Exercise goal: Set down, unchanged, the line holding "Diritto pubblico generale" and all lines that follow it to the end of the material, leaving pictures out.
= = =
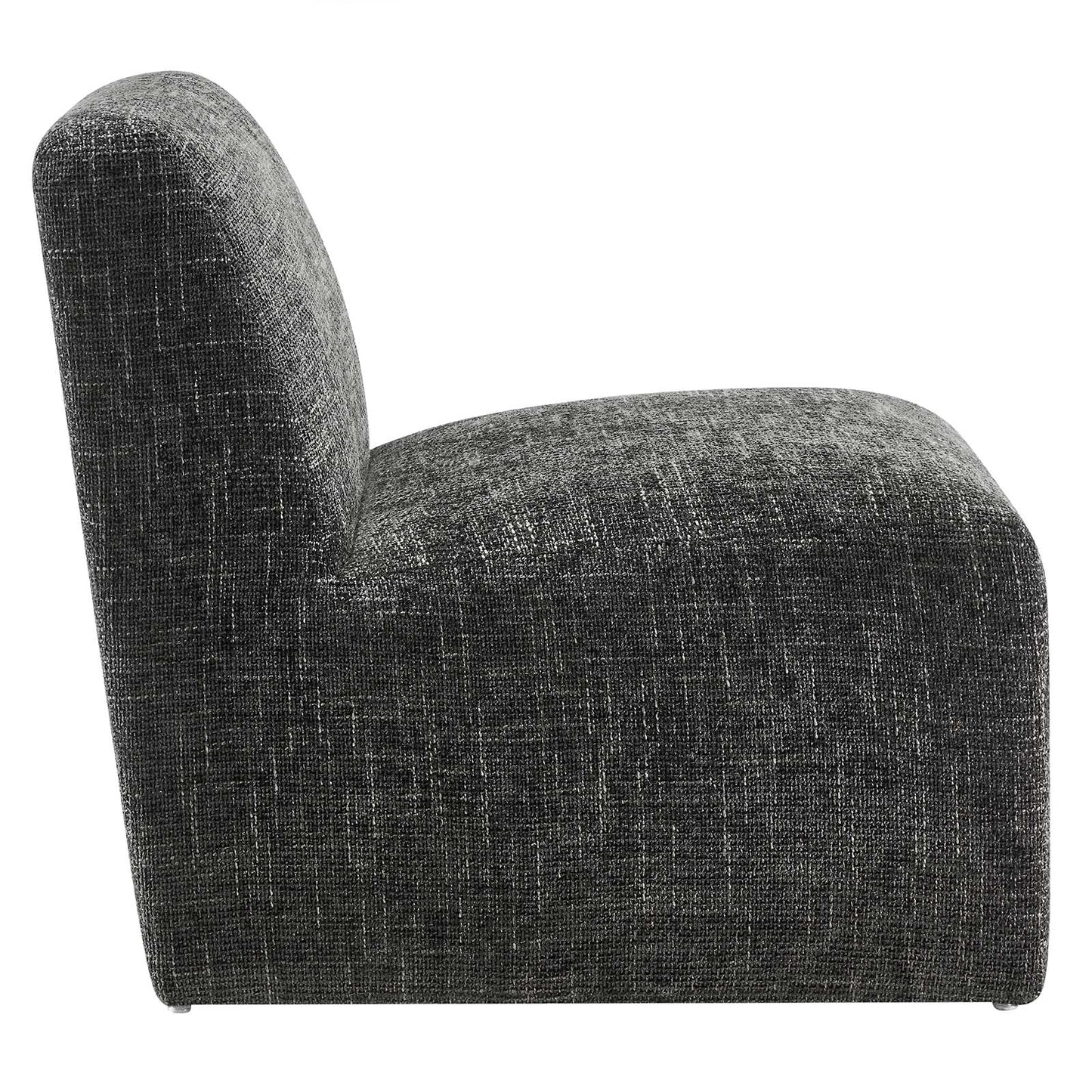 Amita Chenille Upholstered Accent Chair By Modway - EEI-6765 | Accent Chairs | Modishstore - 2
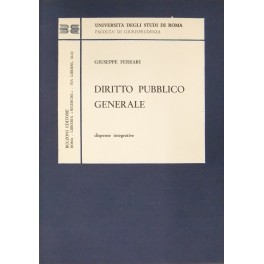 Diritto pubblico generale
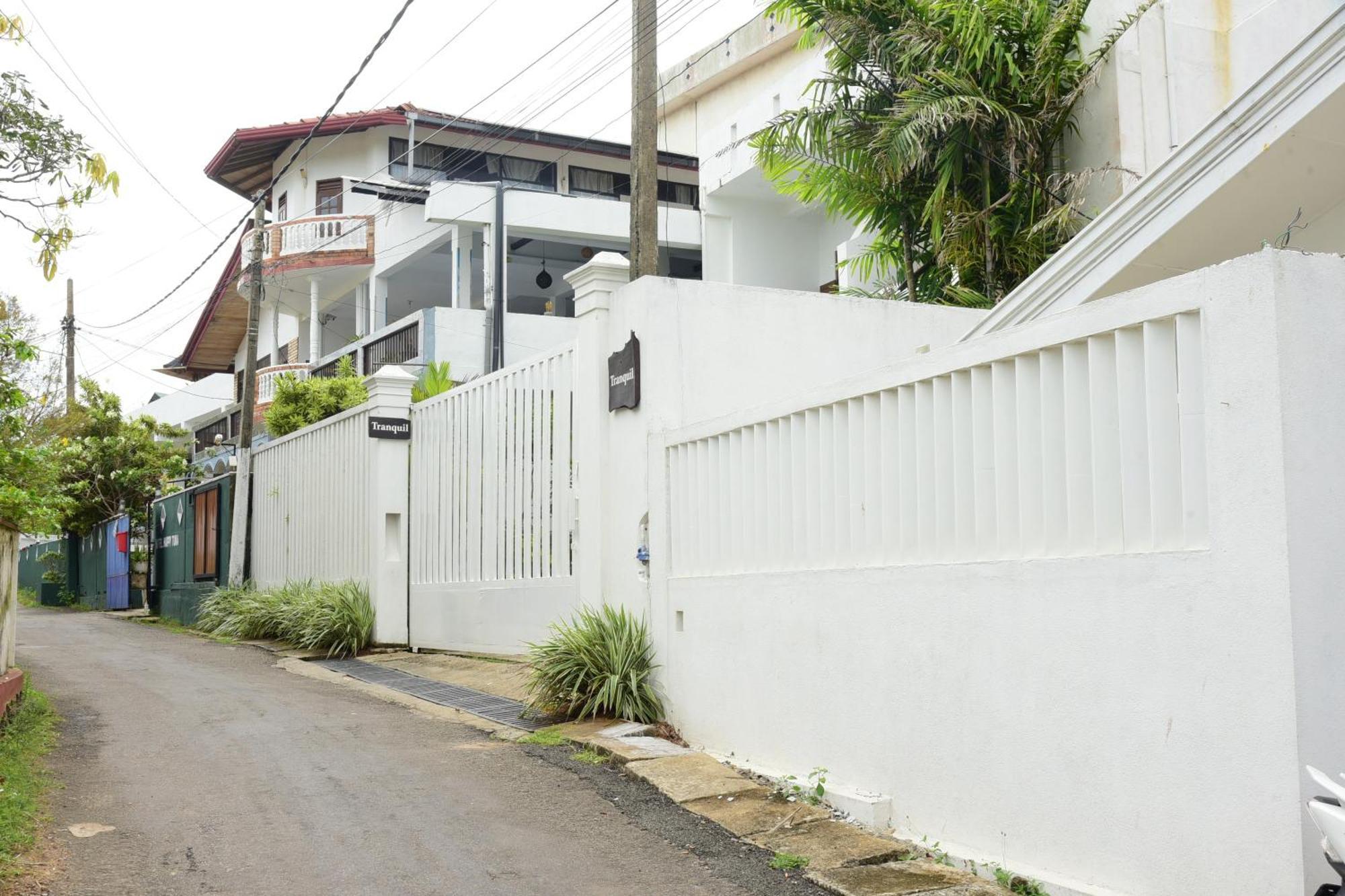 Hotel Tranquil Hikkaduwa Esterno foto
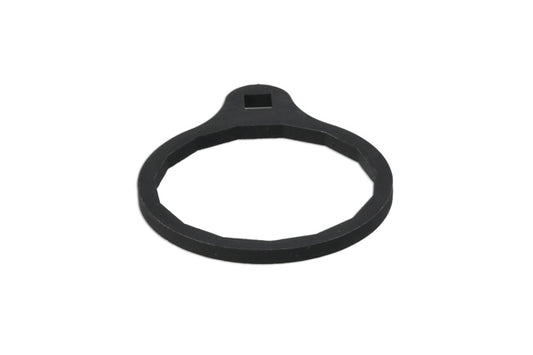 LASER 8255 Oil Filter Wrench 74.5mm 15 Flutes 3/8" Inch For Ford EcoBoost Engine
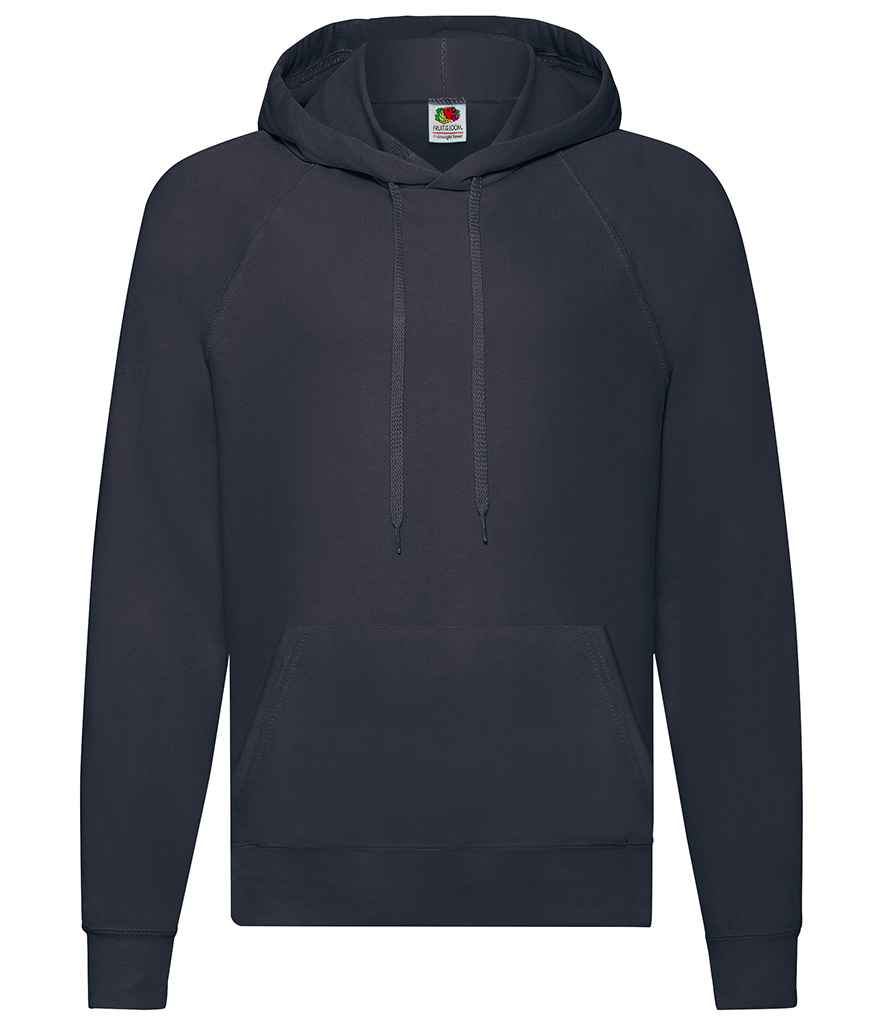 Fruit Loom L/weight Hooded Sweat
= = =
Response:
 Diritto pubblico generale
 Hotel Tranquil Hikkaduwa Esterno foto
 LASER 8255 Oil Filter Wrench 74.5mm 15 Flutes 3/8" Inch For Ford EcoBoost Engine
 Fruit Loom L/weight Hooded Sweat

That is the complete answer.